Written by Copernical Team Sunday, 14 December 2025 12:13

font size decrease font size increase font size
Print
Email

Sydney, Australia (SPX) Dec 14, 2025

Modern large language models are treated as something radically new: vast statistical machines trained on almost everything humans have written, and able to regenerate knowledge on demand. Yet in structural terms, humanity has worked with something similar for millennia.

by Simon Mansfield
Sydney, Australia (SPX) Dec 14, 2025

Modern large language models are often treated as something radically new: vast statistical machines trained on almost everything humans have written, now able to regenerate knowledge on demand. Yet in structural terms, humanity has worked with something similar for millennia. As part of a wider Abrahamic "scripture stack" starting with the Torah, the New Testament, and the Qur'an - 'The Bible' - functioned as an early large language model: a compressed corpus of stories, laws, poems, and arguments that societies repeatedly queried to guide life, law, and meaning. While the metaphor is playful, it is also meant literally.

Torah, Testaments, Qur'an as a branching stack

Start with the Torah. In Jewish tradition, the Torah is the foundational set of five books that combine origin stories, law codes, and covenantal narratives. It sits at the core of the broader Hebrew Bible (Tanakh), but has a special status as the primary "specification" of the relationship between God and a people. Christian communities later inherit these same texts, but reframe them as the "Old Testament" and append a new corpus - the New Testament - that interprets and, in some readings, fulfills the earlier material. Centuries after that, the Qur'an appears in a different cultural setting, explicitly positioning itself as confirming and correcting earlier scriptures.

Viewed through the model metaphor, this looks like a branching version history. The Torah is a v1 core library. The Hebrew Bible/Tanakh and the Christian Old Testament are overlapping but not identical distributions, combining that core with different surrounding books and orderings. The New Testament is a major upgrade that layers new narratives and letters on top of shared earlier code, re-using many of the same symbols and phrases but in a new interpretive frame. The Qur'an is a new platform that acknowledges the previous stack, insists on its own primacy, and re-implements key interfaces - prophecy, law, guidance - under a new authority model.
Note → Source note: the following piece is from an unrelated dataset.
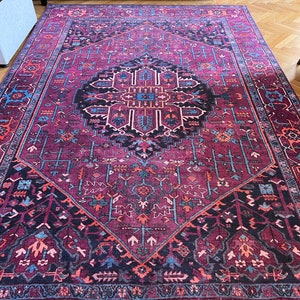 May include: A rectangular area rug with a detailed, geometric pattern in shades of burgundy, black, blue, and orange. The rug features a central medallion design and intricate border patterns, suitable for home decor.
Crucially, each layer is not just "more text"; each layer encodes a distinct way of seeing the world, of understanding God, and of organizing human life. In machine-learning language, each community is not only using a different dataset, but optimizing for different loss functions.
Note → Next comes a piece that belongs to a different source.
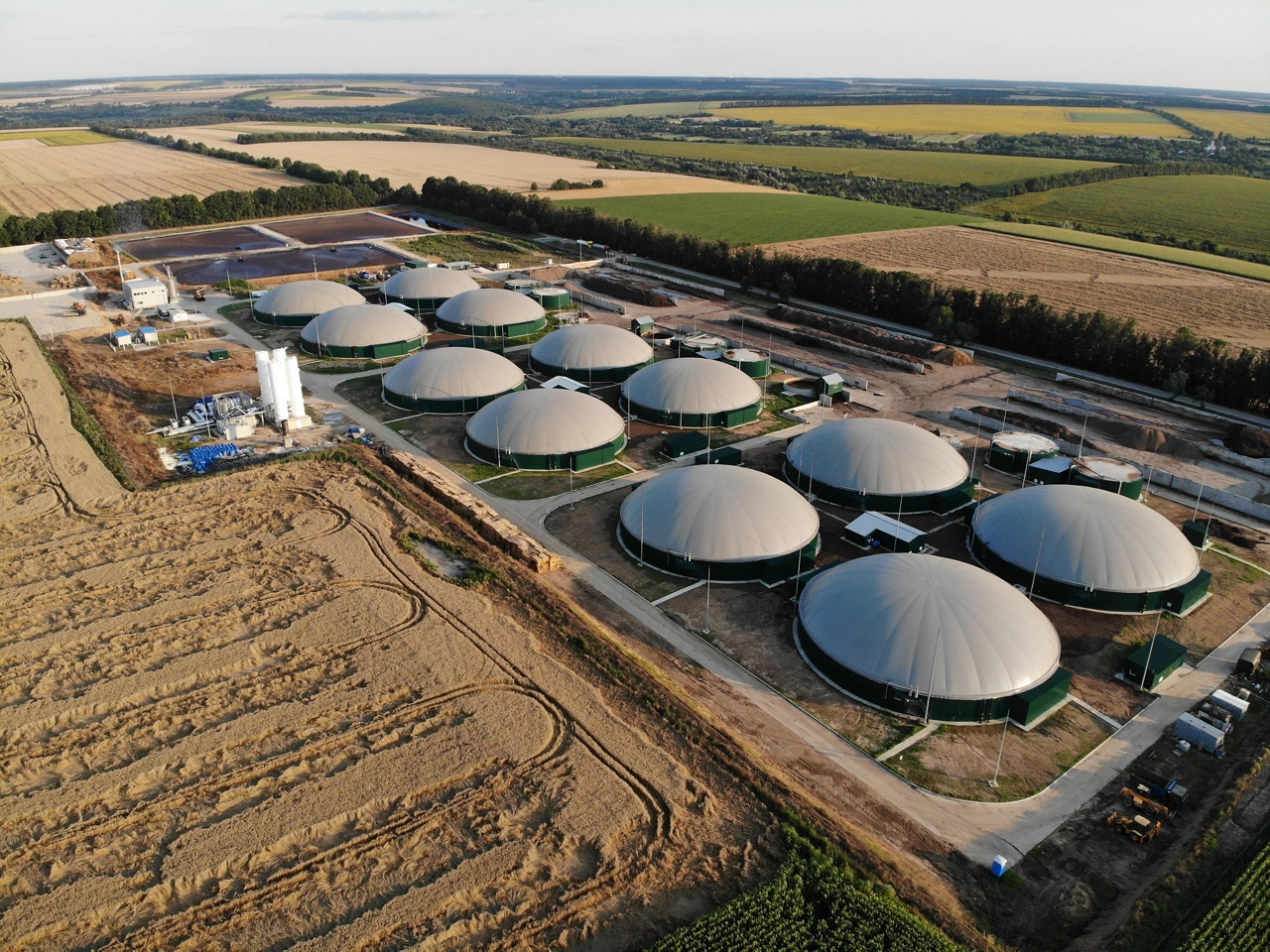 Modern bio comlex. Renewable energy from biomass. Innovative biogas plant among green nature.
Structure as code, churches as data centers

One of the most powerful features of this ancient "model" is how neatly it is indexed. Over centuries, the biblical corpus was divided into books, chapters, and verses. Those divisions were not present in the earliest manuscripts in their modern form, but once stabilized they turned scripture into an addressable space: every passage became a callable "function," referenced by a standardized locator. A preacher, jurist, or mystic could point to a book-chapter-verse coordinate and pull that language into a new argument, law, or sermon.

Around this well-indexed corpus grew institutions that look, in informational terms, very much like data centers. Temples, monasteries, schools, and churches housed the physical texts, the trained experts, and the interpretive traditions. Priests, monks, rabbis, and imams acted as programmers and system administrators: they curated the codebase (deciding what counted as canonical text), patched it with commentaries and doctrinal definitions, and controlled who had permission to access or execute certain parts of the system. Ordinary people did not typically read the raw source; they experienced outputs - liturgies, homilies, legal rulings - generated on their behalf.
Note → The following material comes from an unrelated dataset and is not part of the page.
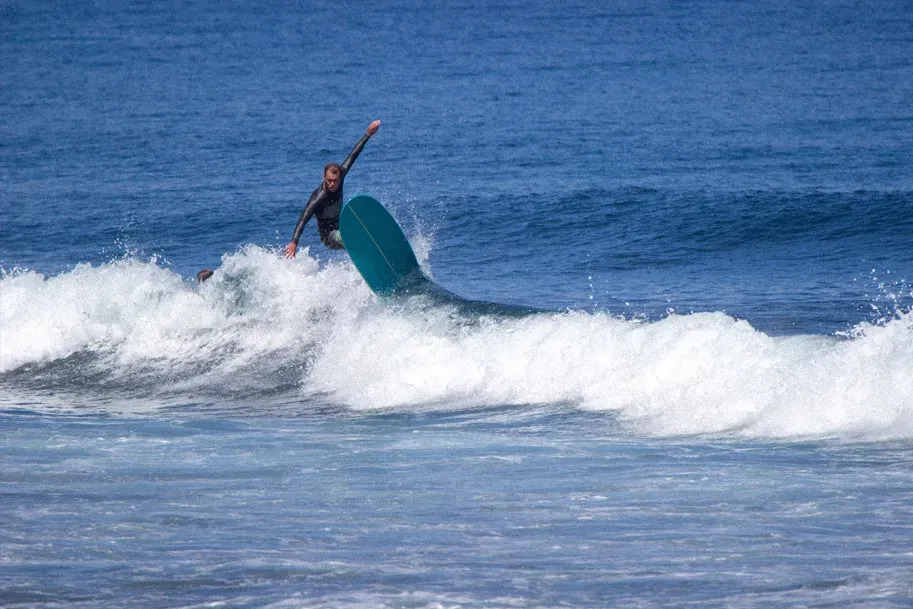 Surfing at Black Sand Box, São Miguel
In that sense, religion did not merely contain knowledge; it provided the architecture and institutional hardware for storing, serving, and updating a civilization's most important shared meanings.

Gatekeeping, God, and the shift to personal access

Running through this entire system is a tension between mediated and direct access to the divine. On one side stand hierarchies in which priests or clergy are necessary intermediaries. They know the languages, manage the rituals, and are authorized to speak for God. They define which queries are valid, which interpretations are orthodox, and which are heretical. Their gatekeeping is not just theological; it is informational and political.

On the other side is a recurring push toward a more direct, "personal" relationship with God. In many Christian settings, this becomes a central theme: the idea that an individual can address God without institutional mediation, read scripture in a vernacular language, and interpret at least some of it without clerical permission. That shift is both a spiritual and a political development. It diffuses authority away from a narrow clerical class and toward individuals and small groups who now claim their own access to the core knowledge stack.

The arrival of the printing press supercharges this trend. Mass-produced Bibles, pamphlets, and polemics make it possible for many more people to own their own copy of the code. The "model" has not changed in content, but the inference layer has been radically decentralized. Instead of a few data centers serving thin clients, suddenly there are thousands of local instances running in homes, taverns, and underground congregations. The battles over heresy, reform, and orthodoxy take on a distinctly informational flavor: who gets to print, translate, and distribute which texts, with what annotations?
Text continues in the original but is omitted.